Moeed Pirzada | Khaleej Times |

On the second day of Eid Al Adha, in Pakistan, GEO TV marked its partial comeback on the country’s cables by showing Mustapha Akkad’s timeless masterpiece: The Message. With cables now reaching almost 10 million homes, inside Pakistan alone, a celluloid narrative about the life and times of the Prophet of Islam, dubbed in Urdu, was an event in itself.

But it was also time for a different set of reflections. The last time I watched this epic story, in the golden age of VCR, it was with my father and I was still in school. Three decades later, as I watched the film again, my young daughter was sitting snug in my arms. In the seventies, Pakistan was a conservative Muslim country, with aspirations of Westminster parliamentary democracy. In 2007, it is a directionless society bleeding itself by endless battles between rival interpretations of faith and modernity. Only on Eid day, more than 50 ‘namazees’ were blown to flesh and smoke in a mosque in Charsaddah, North Western Frontier Province. By whom? Like Iraq, it does not matter anymore.

Isn’t it remarkable how the same message can be interpreted in different ways?

When Mustapha Akkad was leaving his home in Syria to study in the US, his father gave him money for a one-way ticket and a copy of the Holy Quran, telling him: “…this is all I could manage…” In the land of opportunity, young Akkad found his way studying theatre arts at UCLA. In an age long before 9/11, Islam in America had different image problems: it was unknown and if known then it was the religion that spread by the sword. And young Akkad set himself the task of changing that image. His target audience was Western, principally, American. At one stage, it was rumoured that Akkad was thinking of casting an actor in the Prophet’s (peace be upon him) role. Given the worldwide furore among the Muslim clergy perhaps the idea was set aside and The Message turned out to be a unique film that could not personify the great man it was made about.
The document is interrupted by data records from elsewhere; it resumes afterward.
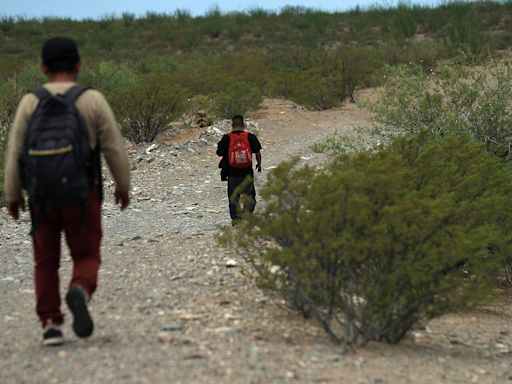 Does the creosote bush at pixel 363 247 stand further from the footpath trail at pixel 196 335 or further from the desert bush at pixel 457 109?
the desert bush at pixel 457 109

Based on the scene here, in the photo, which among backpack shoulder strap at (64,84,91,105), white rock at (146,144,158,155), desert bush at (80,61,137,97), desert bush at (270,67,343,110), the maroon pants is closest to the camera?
backpack shoulder strap at (64,84,91,105)

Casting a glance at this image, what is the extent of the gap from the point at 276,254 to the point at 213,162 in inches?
376

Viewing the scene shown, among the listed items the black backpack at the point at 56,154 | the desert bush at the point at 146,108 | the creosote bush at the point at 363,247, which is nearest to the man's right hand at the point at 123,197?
the black backpack at the point at 56,154

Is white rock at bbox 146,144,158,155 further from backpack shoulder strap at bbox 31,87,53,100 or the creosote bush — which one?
backpack shoulder strap at bbox 31,87,53,100

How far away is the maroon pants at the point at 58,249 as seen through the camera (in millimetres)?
4703

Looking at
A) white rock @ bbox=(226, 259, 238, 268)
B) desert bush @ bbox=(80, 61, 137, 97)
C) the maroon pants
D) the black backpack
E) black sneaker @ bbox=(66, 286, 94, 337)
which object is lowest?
white rock @ bbox=(226, 259, 238, 268)

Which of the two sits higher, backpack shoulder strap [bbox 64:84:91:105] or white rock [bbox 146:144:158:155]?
backpack shoulder strap [bbox 64:84:91:105]

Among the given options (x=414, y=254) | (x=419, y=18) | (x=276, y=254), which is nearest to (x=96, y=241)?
(x=276, y=254)

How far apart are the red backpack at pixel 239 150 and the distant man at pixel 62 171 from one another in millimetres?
3812

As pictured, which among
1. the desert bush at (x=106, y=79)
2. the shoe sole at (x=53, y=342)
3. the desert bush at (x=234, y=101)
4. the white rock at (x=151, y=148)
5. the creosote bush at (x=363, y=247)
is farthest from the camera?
the desert bush at (x=106, y=79)

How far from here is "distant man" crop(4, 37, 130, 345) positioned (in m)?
4.46

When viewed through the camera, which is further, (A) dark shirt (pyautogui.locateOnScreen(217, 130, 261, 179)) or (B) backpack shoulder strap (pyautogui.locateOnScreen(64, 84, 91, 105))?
(A) dark shirt (pyautogui.locateOnScreen(217, 130, 261, 179))

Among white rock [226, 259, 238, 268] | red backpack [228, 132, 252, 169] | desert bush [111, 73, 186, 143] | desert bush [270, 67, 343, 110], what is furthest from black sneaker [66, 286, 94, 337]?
desert bush [270, 67, 343, 110]

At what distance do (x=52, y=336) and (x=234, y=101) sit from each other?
44.6 ft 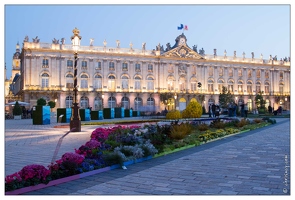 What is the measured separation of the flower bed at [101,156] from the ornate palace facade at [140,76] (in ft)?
123

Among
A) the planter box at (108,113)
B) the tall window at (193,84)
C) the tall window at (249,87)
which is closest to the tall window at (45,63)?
the planter box at (108,113)

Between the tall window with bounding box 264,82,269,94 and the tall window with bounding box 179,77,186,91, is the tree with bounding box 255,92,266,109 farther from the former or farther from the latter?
the tall window with bounding box 179,77,186,91

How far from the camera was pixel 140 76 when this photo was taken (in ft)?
180

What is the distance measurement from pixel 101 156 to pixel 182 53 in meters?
52.5

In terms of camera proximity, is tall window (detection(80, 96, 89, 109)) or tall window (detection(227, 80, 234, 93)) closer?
tall window (detection(80, 96, 89, 109))

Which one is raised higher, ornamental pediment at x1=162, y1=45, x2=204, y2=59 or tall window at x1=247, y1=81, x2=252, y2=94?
ornamental pediment at x1=162, y1=45, x2=204, y2=59

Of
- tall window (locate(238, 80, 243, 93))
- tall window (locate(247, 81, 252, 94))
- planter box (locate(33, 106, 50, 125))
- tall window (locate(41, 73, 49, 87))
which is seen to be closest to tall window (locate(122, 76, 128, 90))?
tall window (locate(41, 73, 49, 87))

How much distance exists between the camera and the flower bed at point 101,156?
17.1ft

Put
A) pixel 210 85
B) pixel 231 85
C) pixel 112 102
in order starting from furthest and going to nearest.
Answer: pixel 231 85 < pixel 210 85 < pixel 112 102

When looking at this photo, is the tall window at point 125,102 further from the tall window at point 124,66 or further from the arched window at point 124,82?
the tall window at point 124,66

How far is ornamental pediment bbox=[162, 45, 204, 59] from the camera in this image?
57266 mm

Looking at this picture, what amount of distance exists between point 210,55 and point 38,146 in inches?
2130

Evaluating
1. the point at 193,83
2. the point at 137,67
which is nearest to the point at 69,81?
the point at 137,67

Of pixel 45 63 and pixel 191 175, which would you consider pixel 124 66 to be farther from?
pixel 191 175
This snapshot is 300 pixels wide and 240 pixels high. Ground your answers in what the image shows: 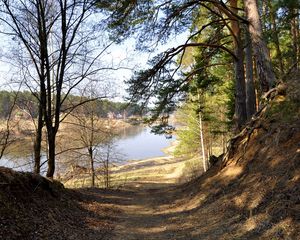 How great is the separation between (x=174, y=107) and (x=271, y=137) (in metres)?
5.58

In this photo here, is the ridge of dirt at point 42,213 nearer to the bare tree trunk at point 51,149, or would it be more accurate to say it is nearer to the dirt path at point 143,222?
the dirt path at point 143,222

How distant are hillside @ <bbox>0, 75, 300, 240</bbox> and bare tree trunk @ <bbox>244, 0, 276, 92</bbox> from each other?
777 mm

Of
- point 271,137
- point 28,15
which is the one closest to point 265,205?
point 271,137

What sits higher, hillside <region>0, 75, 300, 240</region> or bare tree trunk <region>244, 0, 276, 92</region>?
bare tree trunk <region>244, 0, 276, 92</region>

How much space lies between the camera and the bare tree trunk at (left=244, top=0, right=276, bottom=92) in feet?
34.7

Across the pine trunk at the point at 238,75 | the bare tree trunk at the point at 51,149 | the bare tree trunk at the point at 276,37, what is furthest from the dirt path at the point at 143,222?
the bare tree trunk at the point at 276,37

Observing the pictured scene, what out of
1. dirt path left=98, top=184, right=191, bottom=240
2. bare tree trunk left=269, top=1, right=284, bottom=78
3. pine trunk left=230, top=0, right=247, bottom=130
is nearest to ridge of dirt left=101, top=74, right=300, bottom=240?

Akkad brought to life the great moments of Islam. With his lens resurrecting the sequence, Muslim sufferings in the holy city of Makkah, flight to Ethiopia, battles of Badar and Uhd, Treaty of Hudaibiya and the conquest of the holy city of Makkah, he was able to demonstrate that Prophet Muhammad’s (peace be upon him) message spread by the ability of his followers to bear and find meaning in their suffering.

When I first watched it as a child, I remember that the excitement of most people around me was due to the fact that a film on Islam, and that too a positive one, has been made in English. To our naïve minds, it was some sort of acknowledgment of the intrinsic good of our religion by the West and thus of ourselves. The other and perhaps the more relevant messages implicit in the film were conveniently missed. However, three decades later, as someone with a professional interest in media, and a painful awareness of the life around me, those messages stood out.

Perhaps the most important realisation I had was that Islam was a revolution of minds and Prophet Muhammad (Peace be upon him) was, above all, a prophet of change. Conflict was between right and wrong, but not necessarily between good and evil. With its shades of grey and room for compromises, it certainly lacked the black and white moral clarity of modern day suicide bombers. And Muslims then represented a new emerging order based on justice and equitable distribution for the weak and the dispossessed.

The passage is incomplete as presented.